- TASK BRIEF:
Write down exactly what lies from the line containing "Teddy Bear Nursery Stationery" to the end of the records, inclusive, and omit the pictures.

- INFORMATION SHOWN:

++++

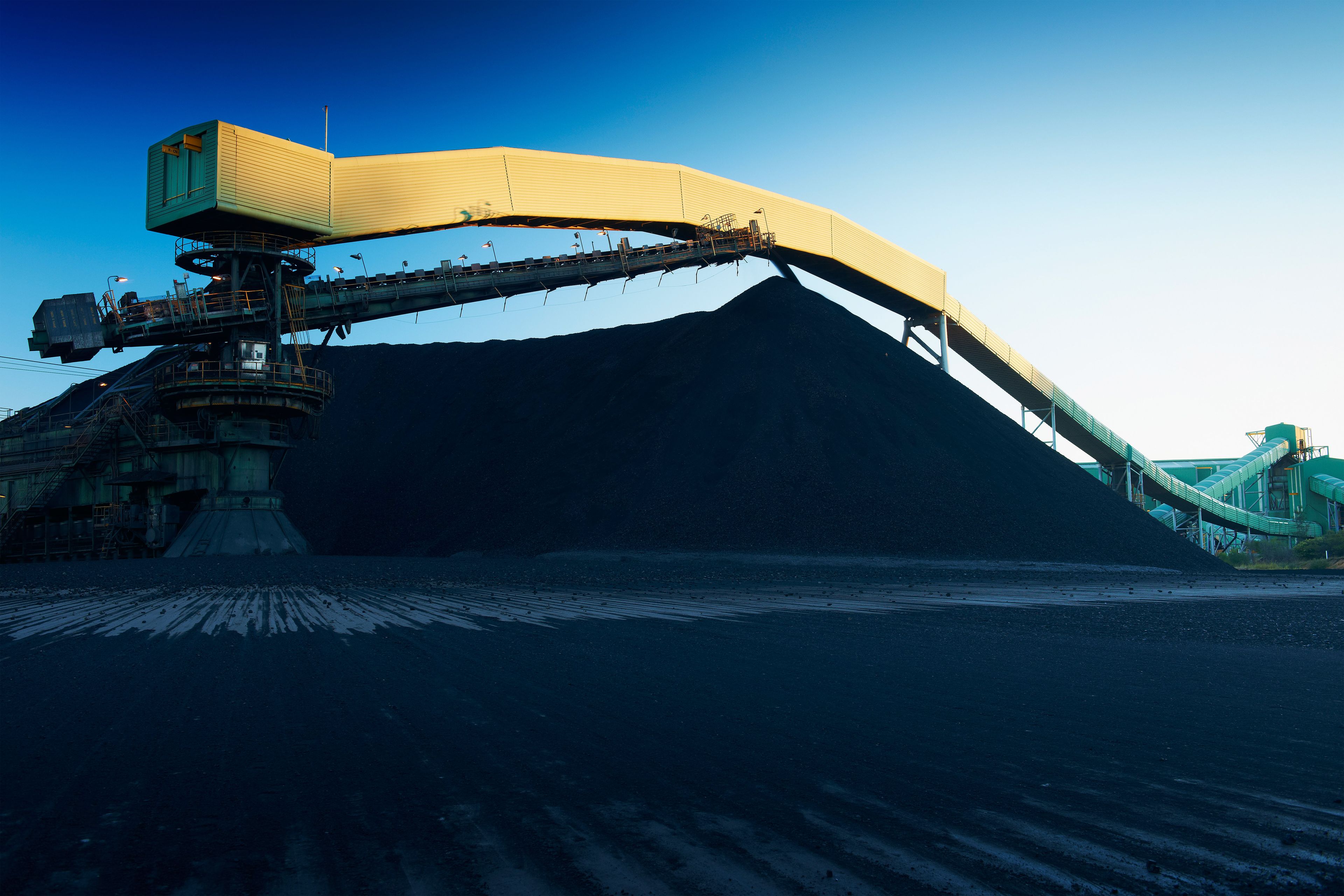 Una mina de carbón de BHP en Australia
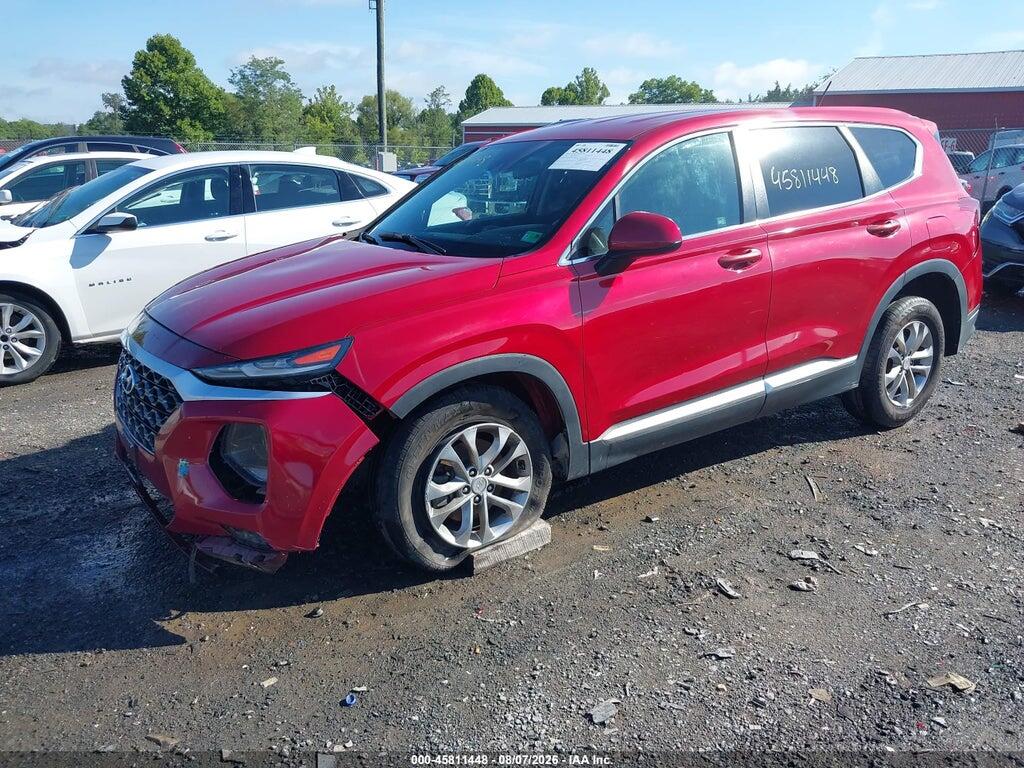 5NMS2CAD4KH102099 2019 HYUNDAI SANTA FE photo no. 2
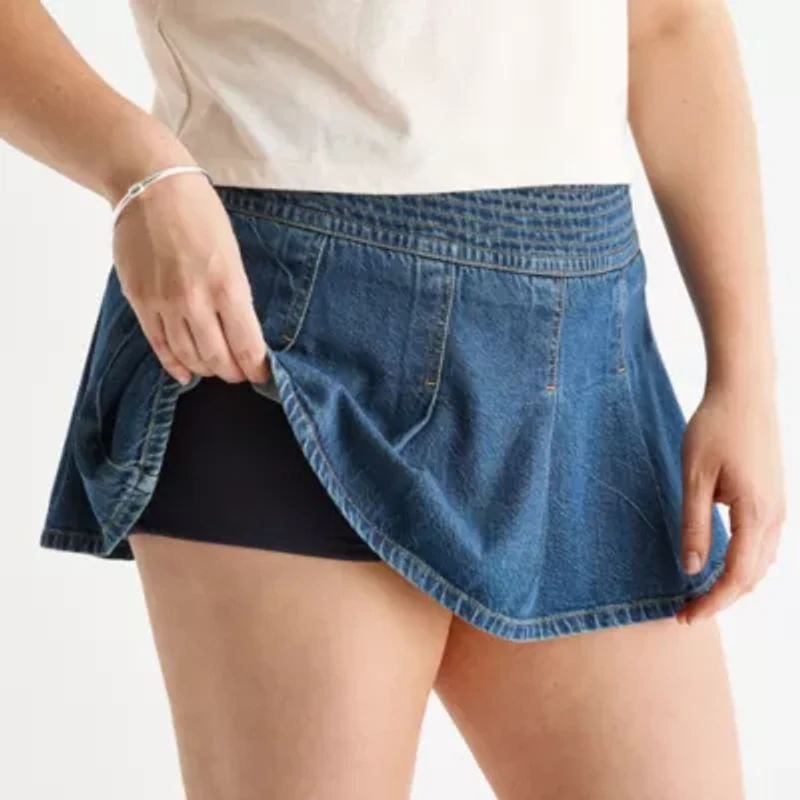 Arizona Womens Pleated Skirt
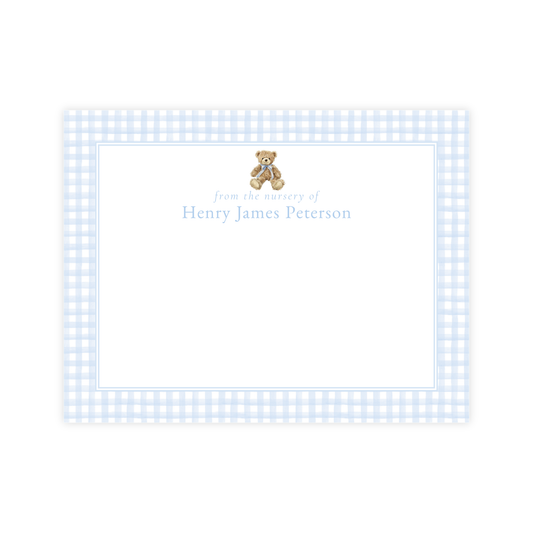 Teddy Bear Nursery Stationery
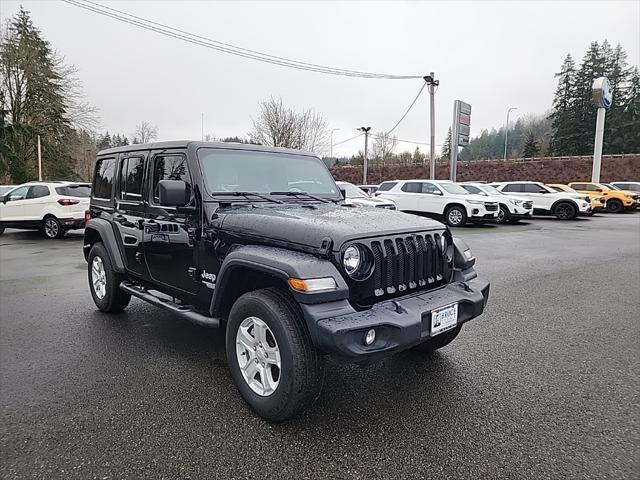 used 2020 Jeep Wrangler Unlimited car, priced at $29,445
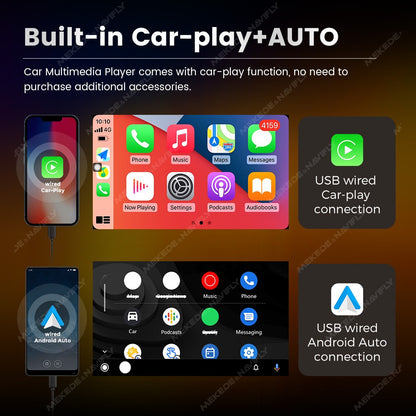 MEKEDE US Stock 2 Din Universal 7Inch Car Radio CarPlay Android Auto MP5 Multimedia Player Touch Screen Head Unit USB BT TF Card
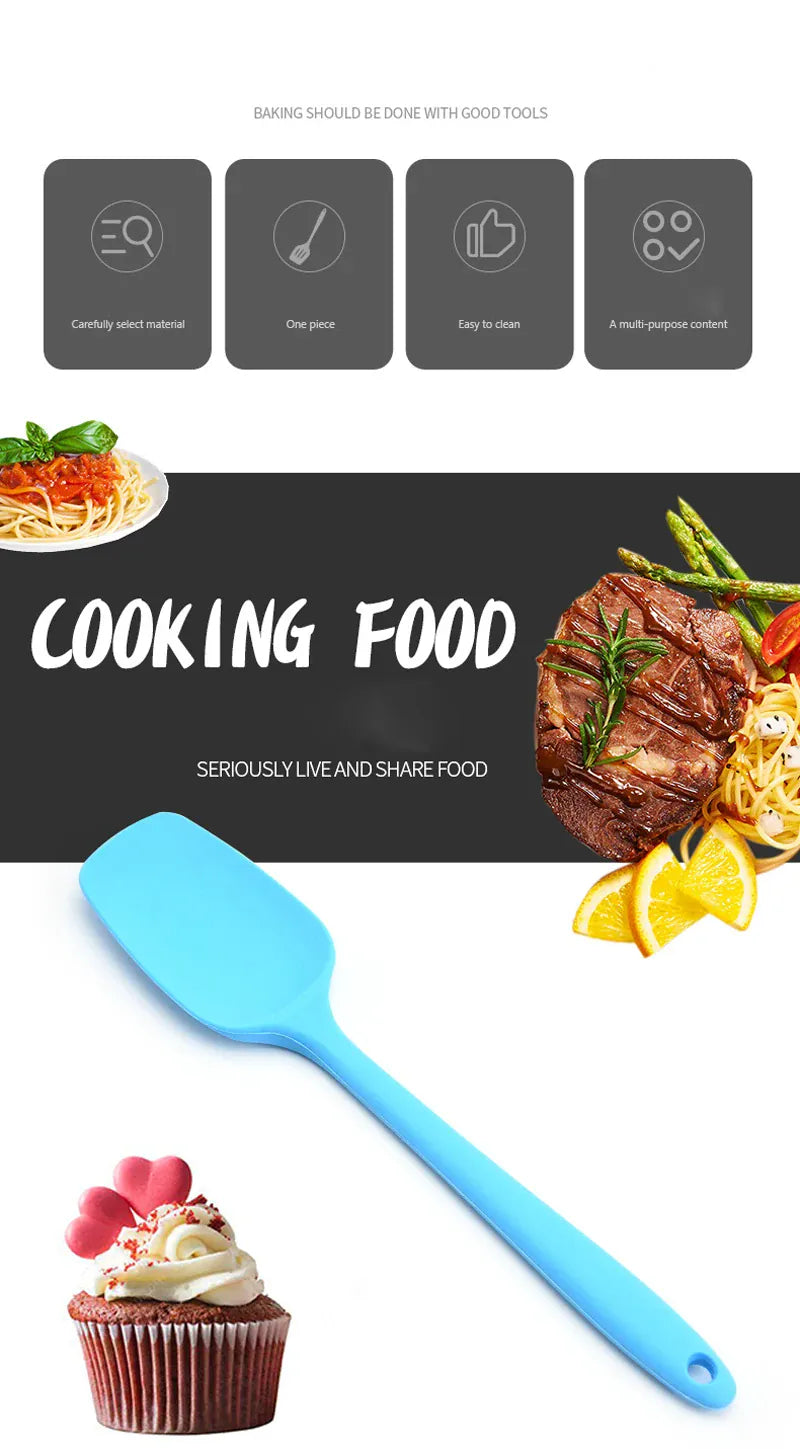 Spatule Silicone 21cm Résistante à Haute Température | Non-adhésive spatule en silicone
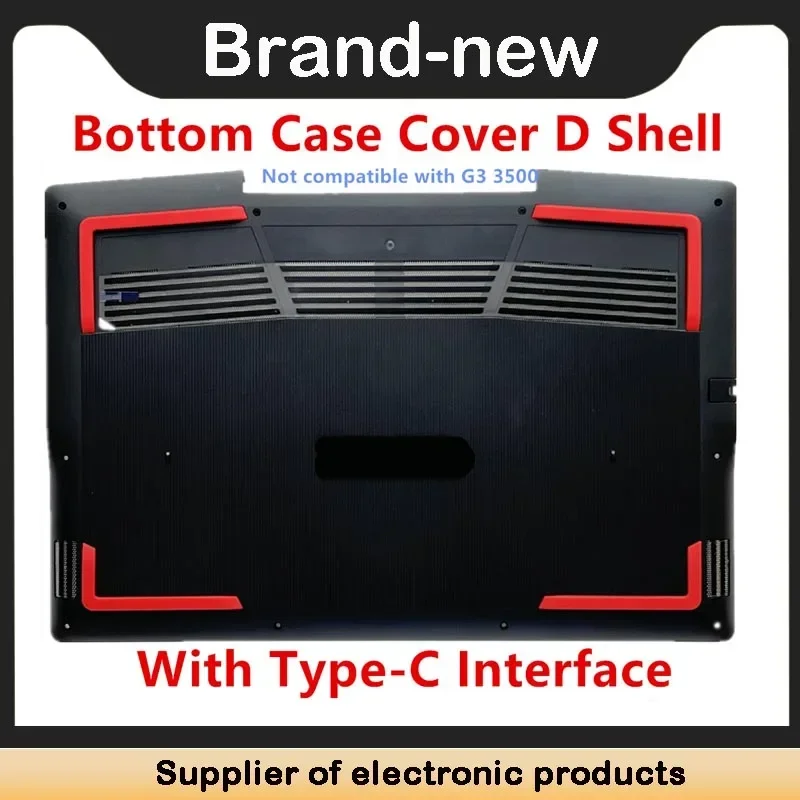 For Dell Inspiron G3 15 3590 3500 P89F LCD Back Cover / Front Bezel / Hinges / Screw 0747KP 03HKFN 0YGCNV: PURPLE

++++

- YOUR RESPONSE:
 Teddy Bear Nursery Stationery
 used 2020 Jeep Wrangler Unlimited car, priced at $29,445
 MEKEDE US Stock 2 Din Universal 7Inch Car Radio CarPlay Android Auto MP5 Multimedia Player Touch Screen Head Unit USB BT TF Card
 Spatule Silicone 21cm Résistante à Haute Température | Non-adhésive spatule en silicone
 For Dell Inspiron G3 15 3590 3500 P89F LCD Back Cover / Front Bezel / Hinges / Screw 0747KP 03HKFN 0YGCNV: PURPLE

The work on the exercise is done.